Liana Serobian, by appointment of the Court of Appeal, for Defendant and Appellant.

Dawyn R. Harrison, County Counsel, Kim Nemoy, Assistant County Counsel, and Sarah Vesecky, Deputy County Counsel, for Plaintiff and Respondent.

Janette Freeman Cochran, by appointment of the Court of Appeal, for minor William R., Jr.

ZUKIN, J.

INTRODUCTION

Y.B.L. (mother) and W.R. (father) have one child together, William R. (born August 2020). The Los Angeles County Department of Children and Family Services (DCFS) filed a dependency petition on behalf of William, which was sustained by the juvenile court under Welfare and Institutions Code section 300, subdivisions (b)(1) and (j). Mother appeals certain jurisdictional findings and dispositional orders made by the juvenile court. Because mother does not challenge the jurisdictional finding as to count b-1, we decline to exercise our discretion to review the remaining jurisdictional findings. We further conclude that the challenged dispositional orders are supported by substantial evidence. Accordingly, we affirm the orders below.

All further statutory references are to the Welfare and Institutions Code unless otherwise stated.

As the parties are familiar with the facts and procedural history of the case, we do not restate those details in full here. Below, we discuss only the facts and history as needed to resolve-and provide context for-the issues presented on appeal.

RELEVANT BACKGROUND

On December 16, 2021, DCFS filed a section 300 petition claiming jurisdiction over William pursuant to section 300, subdivisions (b)(1) and (j). Count b-1 alleged mother had physically abused William's paternal halfsister, K.R., including pulling K.R.'s hair and striking her, leaving bruises. Count b-2 alleged mother emotionally abused K.R. by threatening to poison her, destroying her belongings, and demonstrating aggressive behavior toward her which caused K.R. to exhibit symptoms of anxiety, depression, and self-harm behaviors. Counts b-3 and b-6 alleged a history of domestic violence between mother and father, including an incident in 2020 in which mother was arrested and/or convicted of inflicting corporal injury on a cohabitant (Pen. Code, § 273.5) and battery (Pen. Code, § 242). Count b-5 alleged mother has unstable housing and reported on numerous occasions that she is unable to safely care for William. Counts j-1, j-2, and j-3 all related to prior dependency actions involving the paternal half-sibling, K.R.

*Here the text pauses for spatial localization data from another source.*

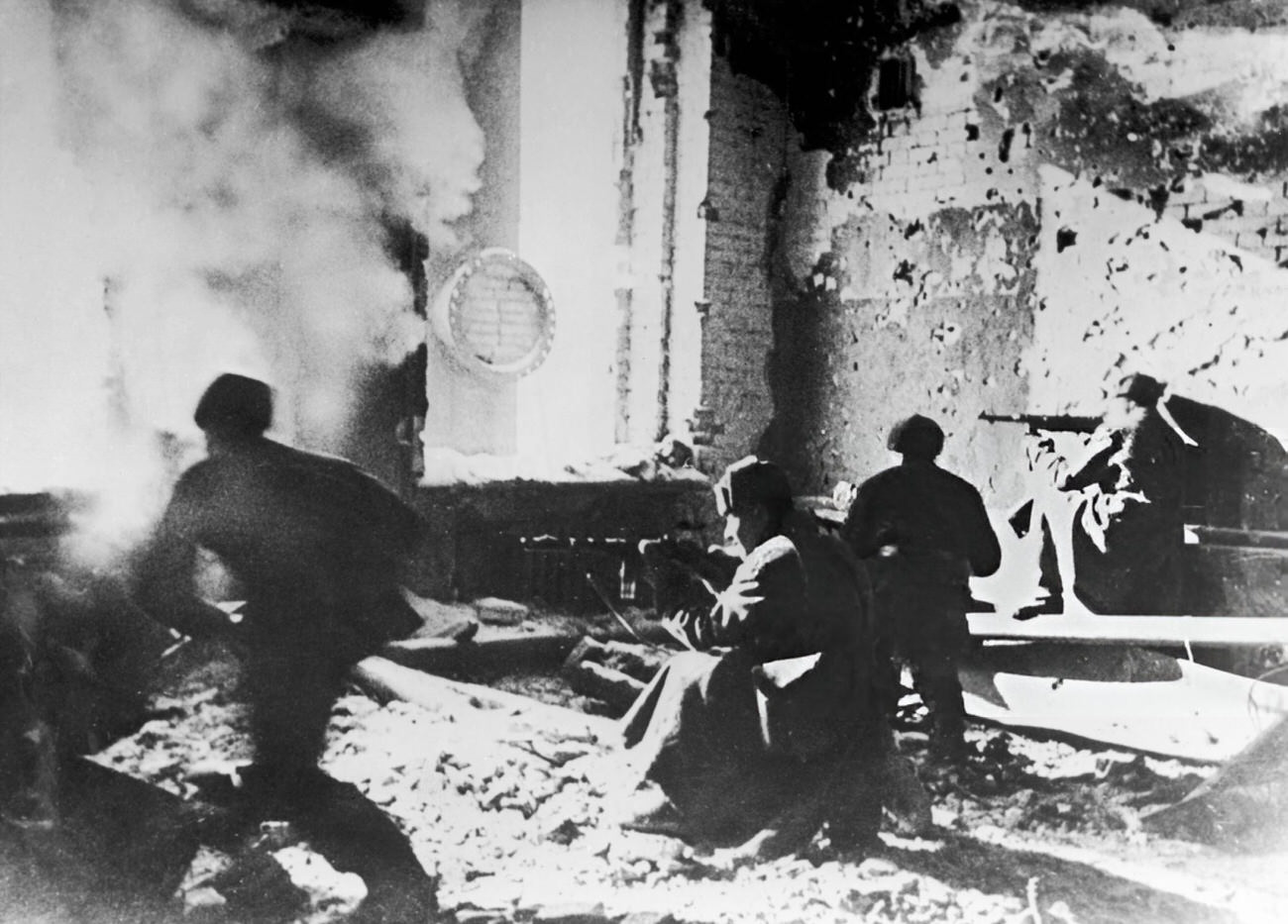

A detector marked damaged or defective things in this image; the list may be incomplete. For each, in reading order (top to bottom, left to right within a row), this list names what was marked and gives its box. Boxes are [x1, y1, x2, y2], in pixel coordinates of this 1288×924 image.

damaged brick wall [752, 0, 1288, 501]
broken plaster chunk [474, 599, 528, 630]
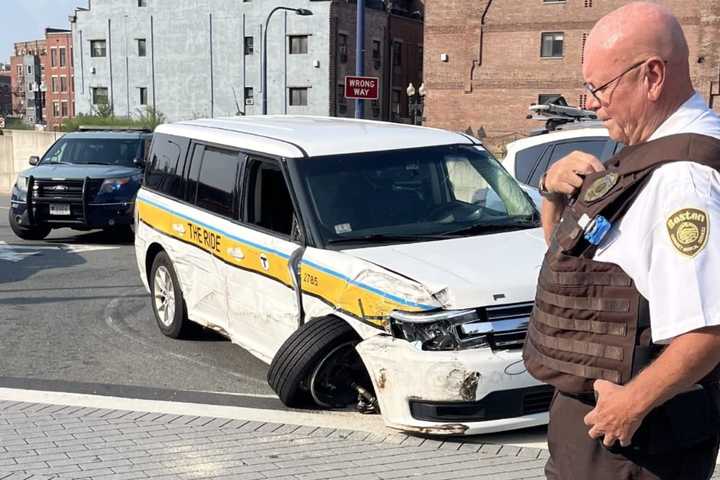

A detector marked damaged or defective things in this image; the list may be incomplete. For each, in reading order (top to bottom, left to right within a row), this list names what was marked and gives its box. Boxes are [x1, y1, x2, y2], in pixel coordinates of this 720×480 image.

damaged white van [135, 116, 552, 436]
broken headlight [390, 310, 492, 350]
crumpled front bumper [356, 334, 552, 436]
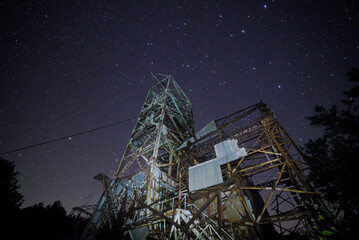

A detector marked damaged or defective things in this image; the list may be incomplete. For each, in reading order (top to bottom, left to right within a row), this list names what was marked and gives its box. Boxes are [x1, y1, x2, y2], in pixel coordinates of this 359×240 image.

rusted steel frame [239, 157, 282, 173]
rusted steel frame [184, 191, 218, 229]
rusted steel frame [256, 163, 286, 223]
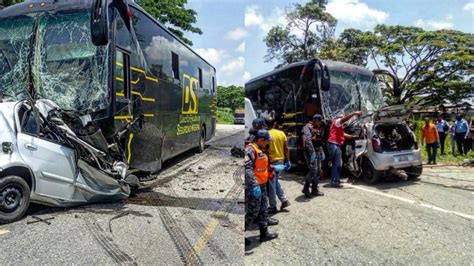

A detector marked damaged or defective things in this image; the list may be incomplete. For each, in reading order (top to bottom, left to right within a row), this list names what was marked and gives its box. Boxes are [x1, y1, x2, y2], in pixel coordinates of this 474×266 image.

shattered windshield [0, 10, 109, 113]
damaged bus [0, 0, 217, 223]
damaged bus [244, 59, 422, 185]
shattered windshield [320, 69, 384, 118]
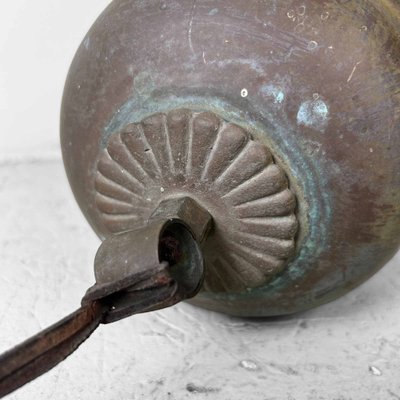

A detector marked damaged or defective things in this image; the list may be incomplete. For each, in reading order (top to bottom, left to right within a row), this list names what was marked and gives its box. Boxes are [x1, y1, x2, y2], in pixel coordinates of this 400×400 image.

corroded metal surface [94, 109, 296, 294]
corroded metal surface [60, 1, 400, 318]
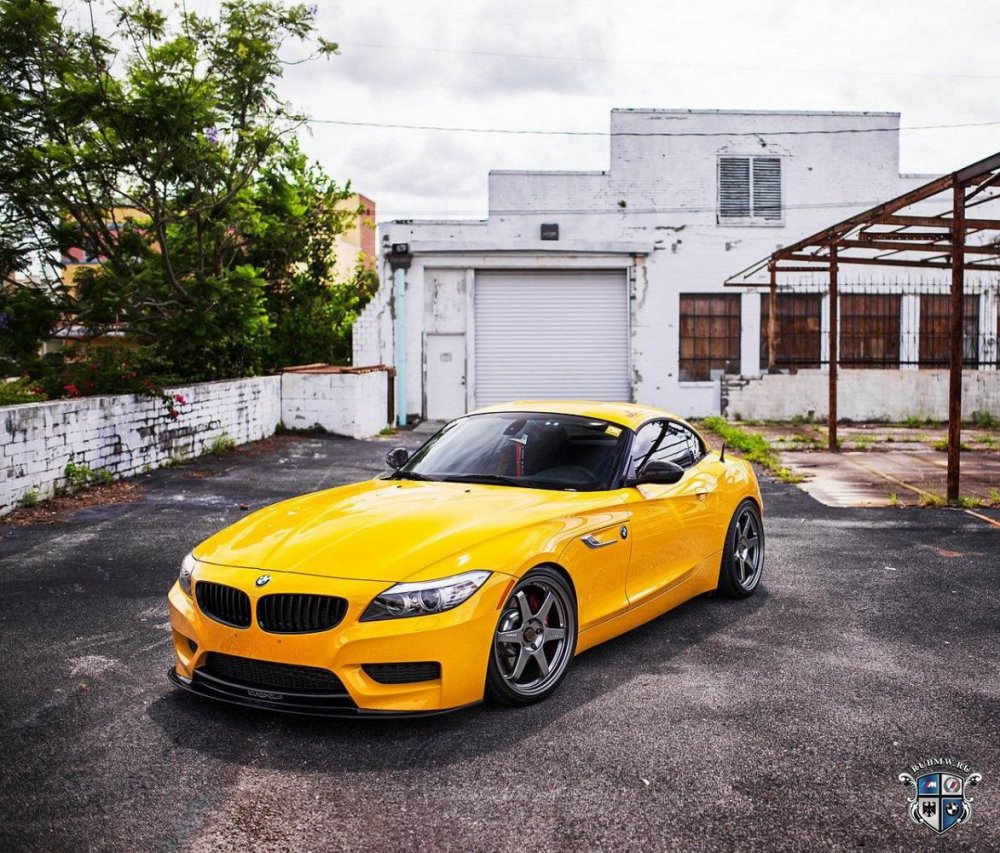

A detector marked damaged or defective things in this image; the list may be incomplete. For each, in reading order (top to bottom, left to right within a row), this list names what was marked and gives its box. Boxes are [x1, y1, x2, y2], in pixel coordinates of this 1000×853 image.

rusty metal canopy frame [728, 151, 1000, 502]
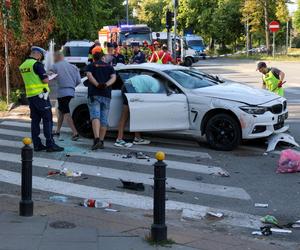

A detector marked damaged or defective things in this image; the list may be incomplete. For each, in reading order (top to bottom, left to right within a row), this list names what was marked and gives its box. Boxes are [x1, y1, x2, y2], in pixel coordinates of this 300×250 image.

damaged car hood [193, 82, 280, 105]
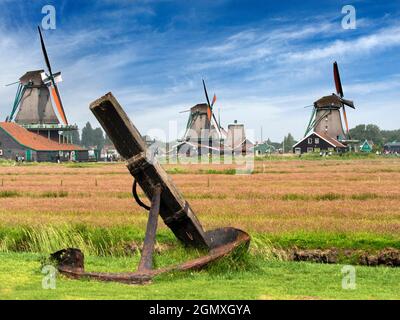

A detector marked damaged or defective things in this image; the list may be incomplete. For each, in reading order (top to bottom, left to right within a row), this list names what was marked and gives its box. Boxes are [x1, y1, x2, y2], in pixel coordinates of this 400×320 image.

rusty anchor [50, 93, 250, 284]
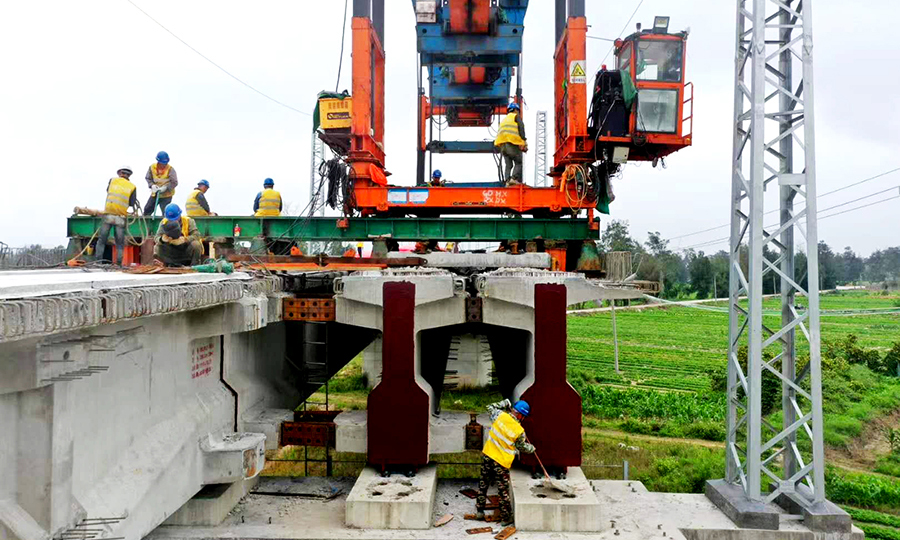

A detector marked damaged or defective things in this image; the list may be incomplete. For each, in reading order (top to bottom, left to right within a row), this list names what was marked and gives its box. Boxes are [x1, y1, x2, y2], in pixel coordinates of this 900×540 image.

rusty metal surface [284, 296, 336, 320]
rusty metal surface [370, 282, 432, 468]
rusty metal surface [520, 284, 584, 470]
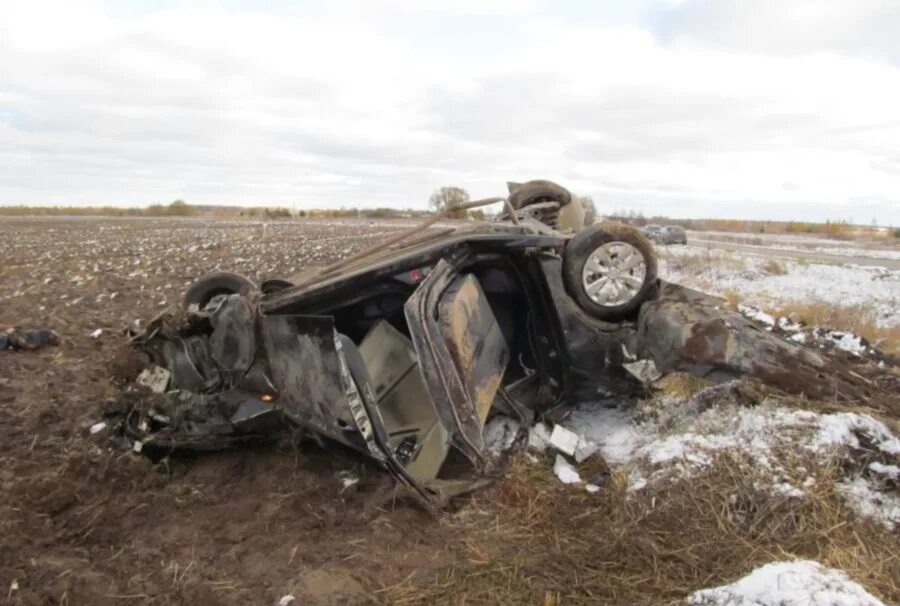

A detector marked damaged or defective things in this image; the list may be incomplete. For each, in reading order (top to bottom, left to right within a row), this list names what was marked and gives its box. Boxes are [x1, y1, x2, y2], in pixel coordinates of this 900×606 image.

exposed wheel [510, 179, 572, 210]
exposed wheel [181, 274, 255, 312]
exposed wheel [568, 226, 656, 324]
torn car body [118, 180, 864, 508]
overturned car [114, 183, 872, 510]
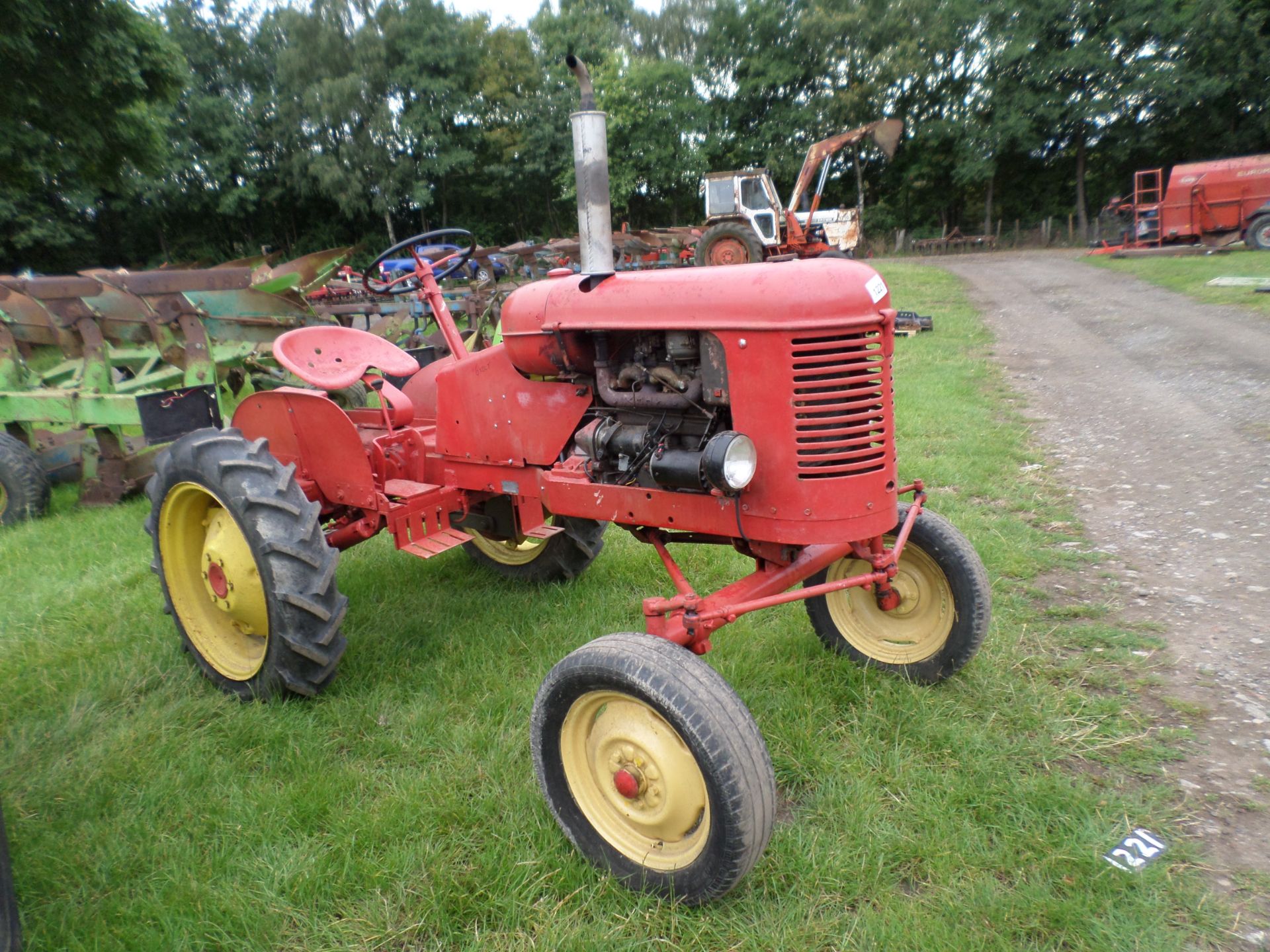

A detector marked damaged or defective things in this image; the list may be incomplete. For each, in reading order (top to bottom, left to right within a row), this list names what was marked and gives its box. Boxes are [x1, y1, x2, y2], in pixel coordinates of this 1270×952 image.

Count b-4 was alleged against father only and is not relevant to this appeal.

On December 17, 2021, the Orange County juvenile court conducted the initial hearing. The court detained William from mother, placed him in father's custody, and ordered supervised visitation with the child. The jurisdiction hearing was held on April 28 and 29, 2022, in Orange County juvenile court. At the conclusion of the hearing, the court struck counts b-5 and j-2 from the petition, as well as the checked boxes on the form petition asserting jurisdiction under section 300, subdivisions (b)(1)(B) and (b)(1)(C). The juvenile court also ordered the case transferred to Los Angeles County for disposition.

The Los Angeles County juvenile court conducted the disposition hearing on July 21, 2022. The juvenile court declared William a dependent of the court, removed him from mother's custody, placed him with father, and ordered DCFS to provide the family with services and the parents to participate in services. The juvenile court also ordered a case plan for mother which included a requirement that she undergo a mental health evaluation. The court also ordered that the evaluator be provided with the documents supporting any true findings made in the instant case or the companion case concerning paternal-half sibling K.R.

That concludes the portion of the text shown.